The case of the boiled frog. A scientist once conducted an experiment. He placed a frog in a pan of water, which he placed on a very slow fire. The water temperature rose very, very slowly. The frog, being cold-blooded, was able to adjust to the changing temperature without feeling a shock or sudden discomfort. The frog stayed comfortable, until it was boiled to death.

The frog boiled to death because it was insensitive to the changing environment. Being a cold-blooded creature, it had no normal body temperature and no mechanism to sound an alarm when the water got too hot. In the short term, its readiness to adapt to life-threatening changes led to its death.

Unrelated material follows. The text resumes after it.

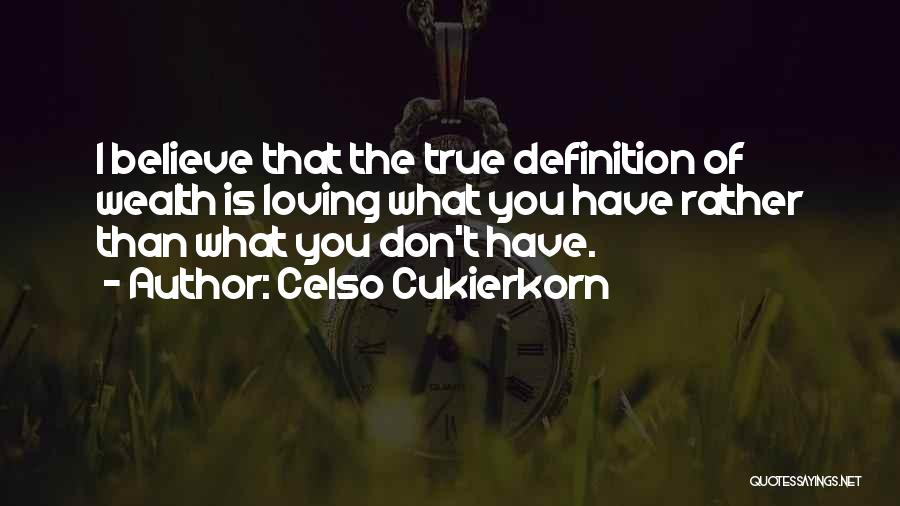 Celso Cukierkorn Quotes 1353563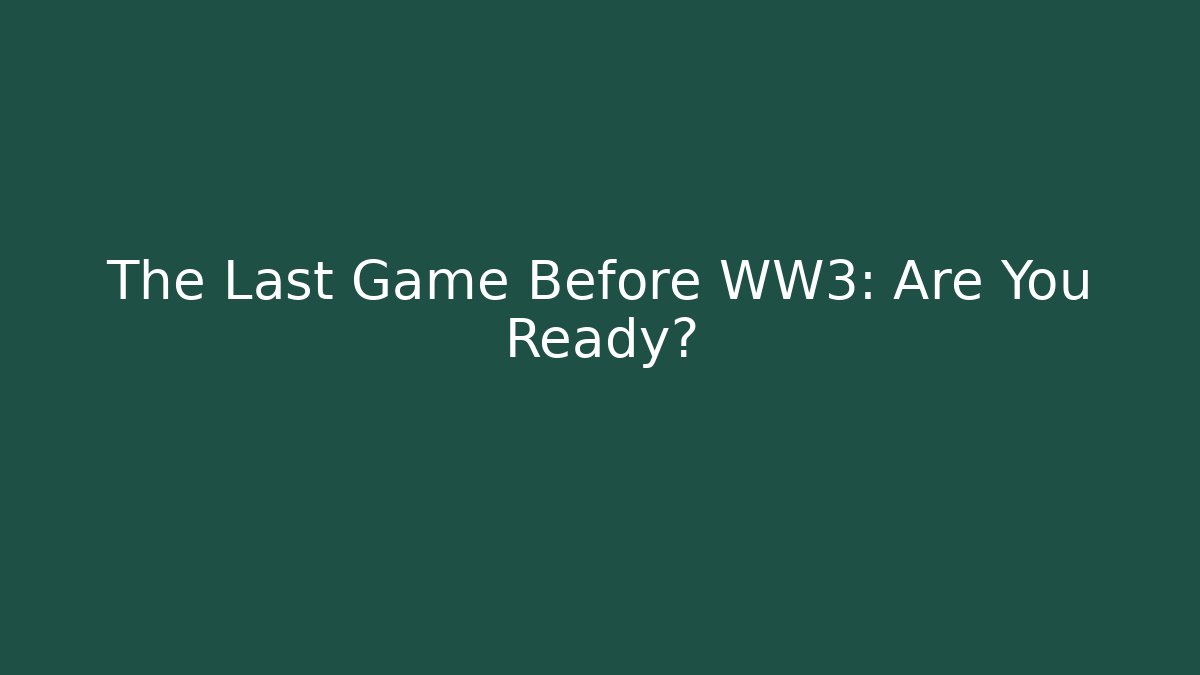The Last Game Before WW3: Are You Ready?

Individuals in society may well find themselves in the situation of the frog. While the social environment grows steadily more life-threatening and dehumanising, there are voices which counsel us to "adapt" and "change with the times." We need to be clear about what changes we can safely adapt to, and what changes actually demean human dignity and threaten our very survival.. The norm by which we decide which changes are acceptable, and which are not, is the dignity of the human person. This intrinsic dignity, or worth, is defined by certain attributes of the human race presented in Scripture.

  1. Created in the image and likeness of God. "So God created man in his own image, in the image of God he created him; male and female he created them." (Gen 1:27)

  2. Life and death are in God's hands. "For you created my inmost being; you knit me together in my mother's womb. I praise you because I am fearfully and wonderfully made; your works are wonderful, I know that full well. My frame was not hidden from you when I was made in the secret place. When I was woven together in the depths of the earth, your eyes saw my unformed body. All the days ordained for me were written in your book before one of them came to be." (Ps 139:13?16). "Man is destined to die once, and after that to face judgment." (Heb 9:27).

  3. Affirmed in the Incarnation. "The word became flesh." (John 1:14)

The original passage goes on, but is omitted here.